Among patients with chronic heart failure, those with a left ventricular ejection fraction (LVEF) ≤40% are considered to have heart failure with reduced ejection fraction (HFrEF). Patients with a LVEF ≥50% are considered to have heart failure with preserved ejection fraction (HFpEF). Those with a LVEF of 41-49% are an intermediate group more similar to patients with HFpEF.1

STANDARD TREATMENT — An angiotensin receptor-neprilysin inhibitor (ARNI) is now preferred over an angiotensin-converting enzyme (ACE) inhibitor or an angiotensin receptor blocker (ARB) for patients with NYHA class II-IV heart failure. The benefits are most evident in those with HFrEF. In patients who are unable to tolerate an ARNI or cannot access an ARNI due to cost, an ACE inhibitor or ARB should be used instead.

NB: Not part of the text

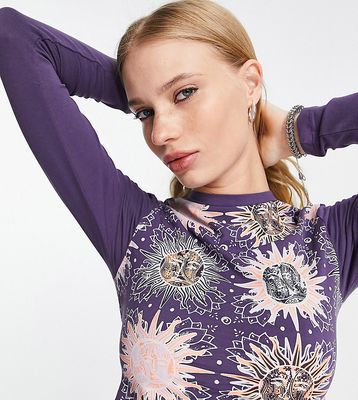 Reclaimed Vintage Inspired long sleeve top with sun and moon print in purple-Multi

All patients with ACC/AHA Stage C (structural heart disease with prior or current heart failure symptoms) HFrEF should take, unless contraindicated, an ARNI (preferred), ACE inhibitor, or ARB, an evidence-based beta blocker, a mineralocorticoid receptor antagonist (MRA), and a sodium-glucose cotransporter 2 (SGLT2) inhibitor, and if volume overloaded, a diuretic. Black patients, especially those with persistent NYHA class III-IV symptoms despite standard therapy, can benefit from addition of isosorbide dinitrate and hydralazine.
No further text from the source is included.